## Exercise data
----------

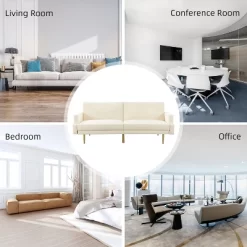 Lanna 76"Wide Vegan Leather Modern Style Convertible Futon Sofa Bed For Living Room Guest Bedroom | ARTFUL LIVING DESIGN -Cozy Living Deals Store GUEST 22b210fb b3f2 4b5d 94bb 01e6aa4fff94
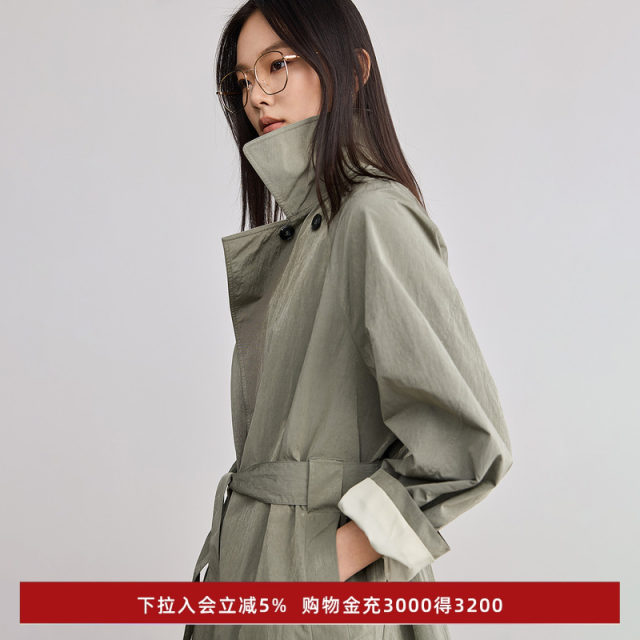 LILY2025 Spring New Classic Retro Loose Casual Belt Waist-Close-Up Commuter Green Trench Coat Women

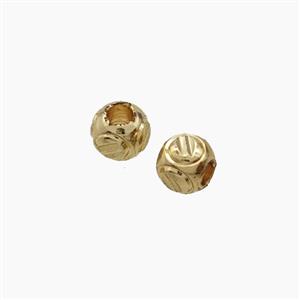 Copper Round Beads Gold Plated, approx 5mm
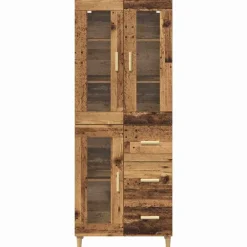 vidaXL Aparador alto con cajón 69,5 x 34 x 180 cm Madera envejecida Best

----------

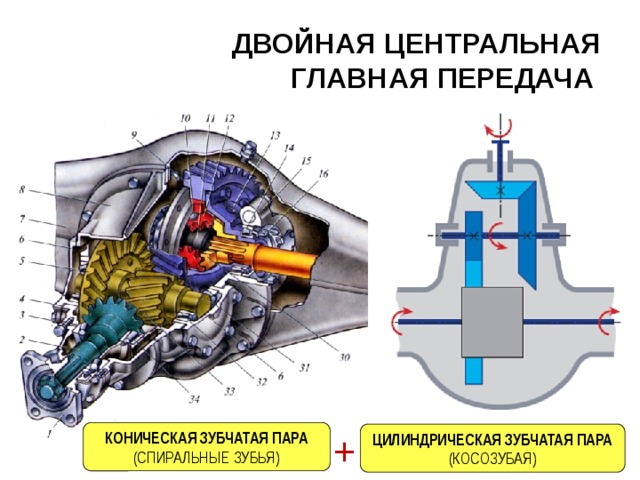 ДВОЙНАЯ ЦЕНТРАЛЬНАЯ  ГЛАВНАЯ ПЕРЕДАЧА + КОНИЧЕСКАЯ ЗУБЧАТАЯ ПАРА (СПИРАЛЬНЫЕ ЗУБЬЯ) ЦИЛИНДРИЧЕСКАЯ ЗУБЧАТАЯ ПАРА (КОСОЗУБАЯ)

----------

## What you need to do
With pictures omitted, repeat the entries above word for word from the line holding "Copper Round Beads Gold Plated, approx 5mm" down to the line holding "vidaXL Aparador alto", keeping both of those lines.

## Answer to this exercise
 Copper Round Beads Gold Plated, approx 5mm
 vidaXL Aparador alto con cajón 69,5 x 34 x 180 cm Madera envejecida Best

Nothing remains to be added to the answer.